# Task details:
Without the images, print every line of the material below exactly as given.

# Data provided:
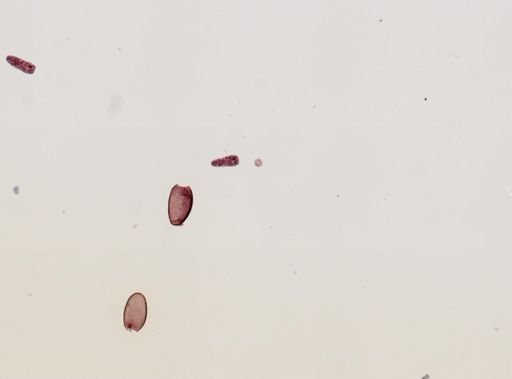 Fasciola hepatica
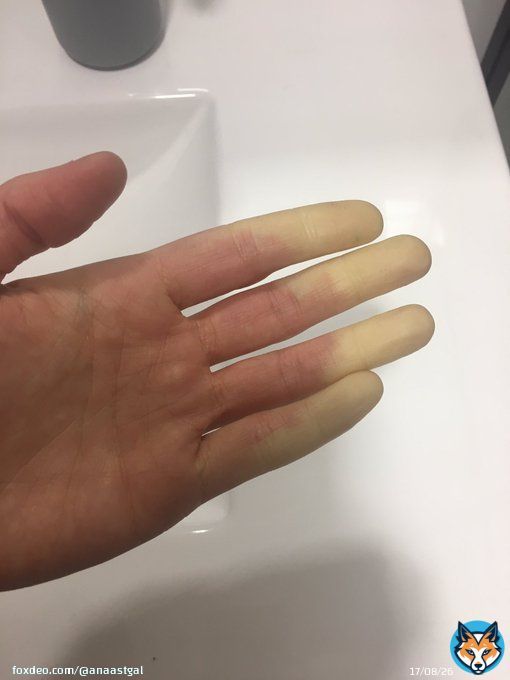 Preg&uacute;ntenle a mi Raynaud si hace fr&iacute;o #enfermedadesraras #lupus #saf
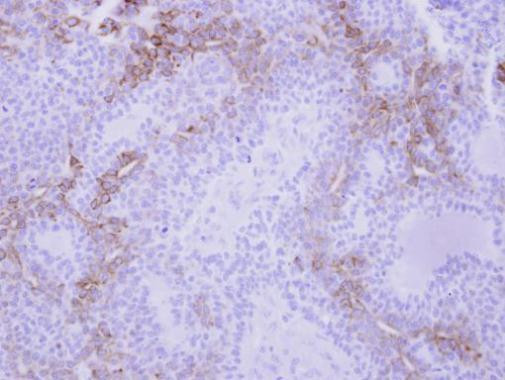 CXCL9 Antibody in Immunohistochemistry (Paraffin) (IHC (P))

# Response to the exercise:
 Fasciola hepatica
 Preg&uacute;ntenle a mi Raynaud si hace fr&iacute;o #enfermedadesraras #lupus #saf
 CXCL9 Antibody in Immunohistochemistry (Paraffin) (IHC (P))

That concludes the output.